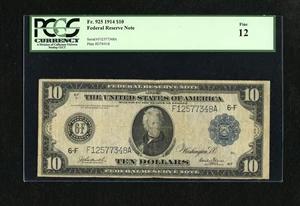 image for: Fr. 925 $10 1914 Federal Reserve Note PCGS Fine 12....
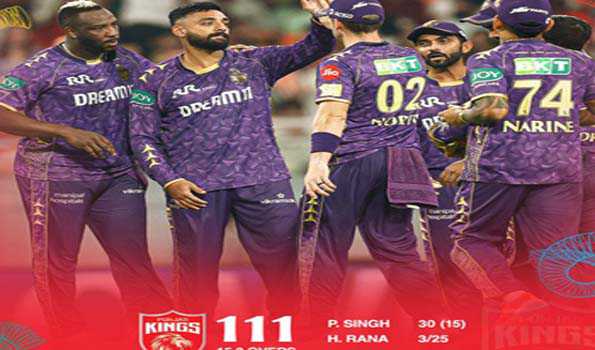 हर्षित, चक्रवर्ती और नारायण ने पंजाब किंग्स को 111 के स्कोर पर किया ढ़ेर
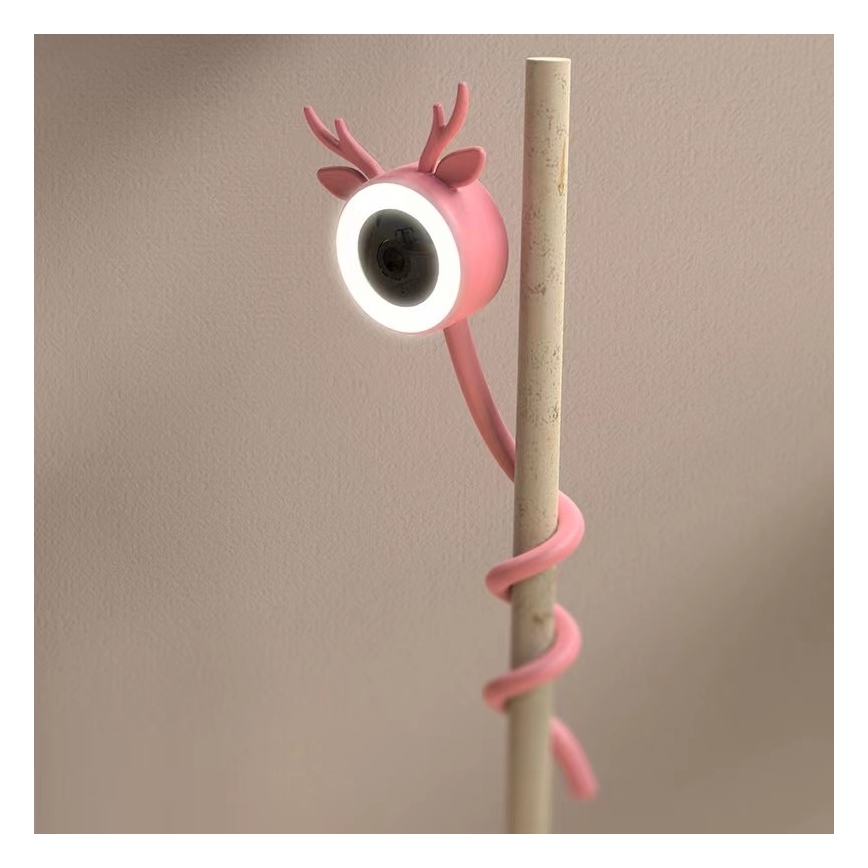 Immax NEO 07798L - Älykäs ladattava itkuhälytin 5V Wi-Fi Tuya vaaleanpunainen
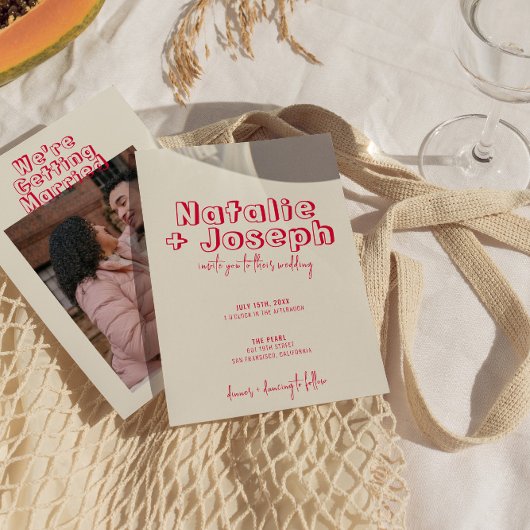 手書カラフル結婚モダンはっきりしたレトロ 招待状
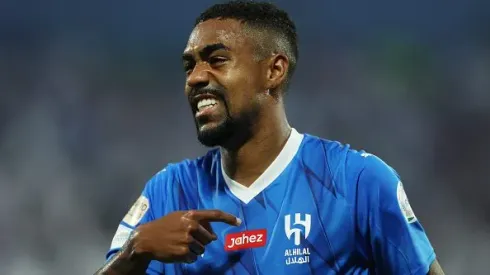 Malcom comemorando gol durante partida entre Abha e Al-Hilal, pela Liga Saudita, em 2023. Foto: Yasser Bakhsh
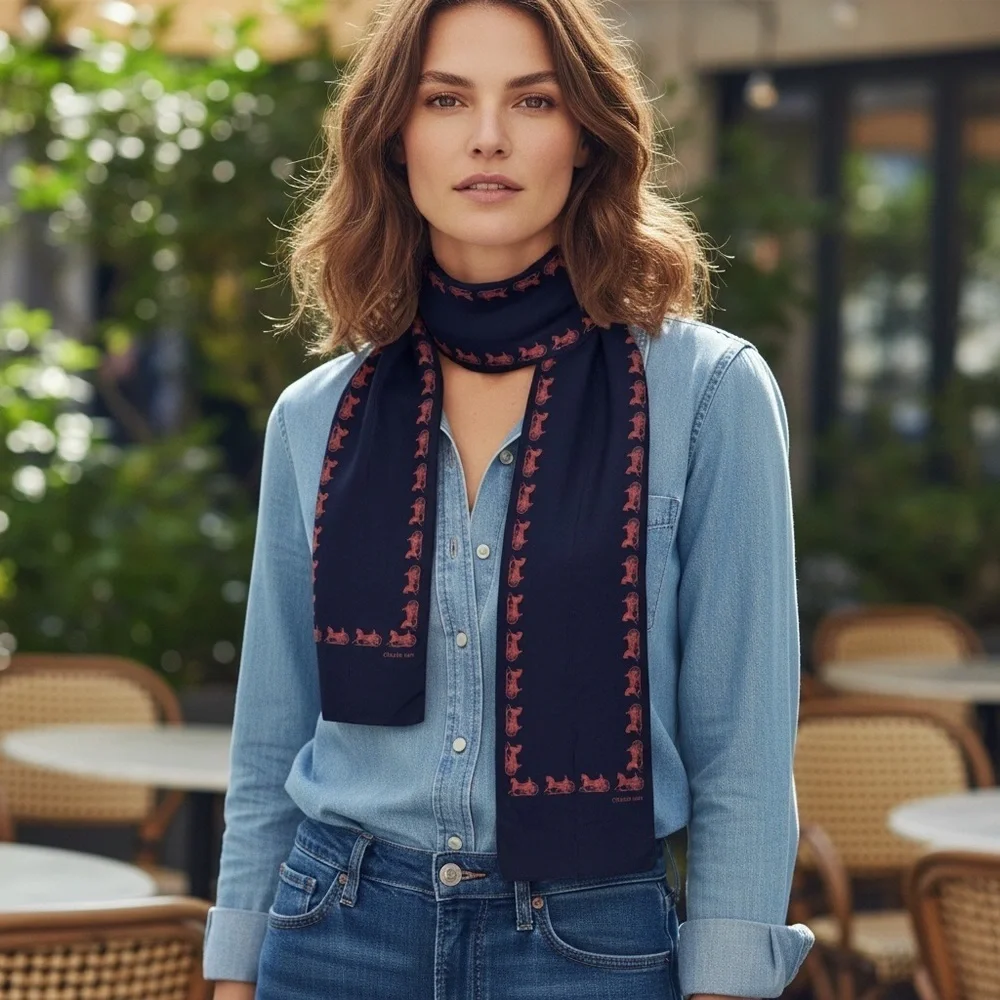 Celine Paris Navy and Red Silk Long Scarf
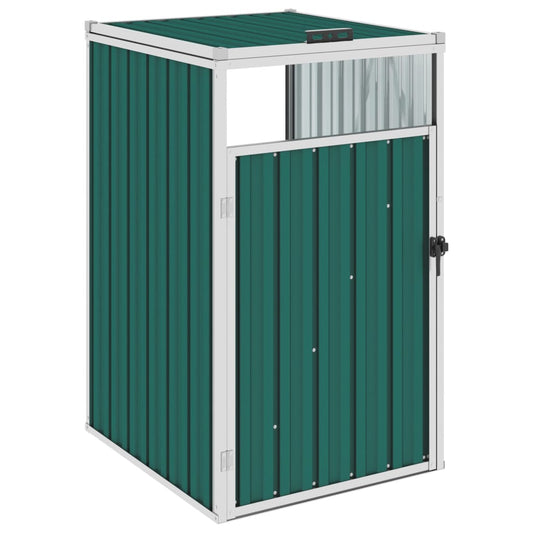 Berkfield Garbage Bin Shed Green 72x81x121 cm Steel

■ **Requirement**: Every line above is to be written out unchanged, with the pictures omitted.

■ **Solved problem**:
 image for: Fr. 925 $10 1914 Federal Reserve Note PCGS Fine 12....
 हर्षित, चक्रवर्ती और नारायण ने पंजाब किंग्स को 111 के स्कोर पर किया ढ़ेर
 Immax NEO 07798L - Älykäs ladattava itkuhälytin 5V Wi-Fi Tuya vaaleanpunainen
 手書カラフル結婚モダンはっきりしたレトロ 招待状
 Malcom comemorando gol durante partida entre Abha e Al-Hilal, pela Liga Saudita, em 2023. Foto: Yasser Bakhsh
 Celine Paris Navy and Red Silk Long Scarf
 Berkfield Garbage Bin Shed Green 72x81x121 cm Steel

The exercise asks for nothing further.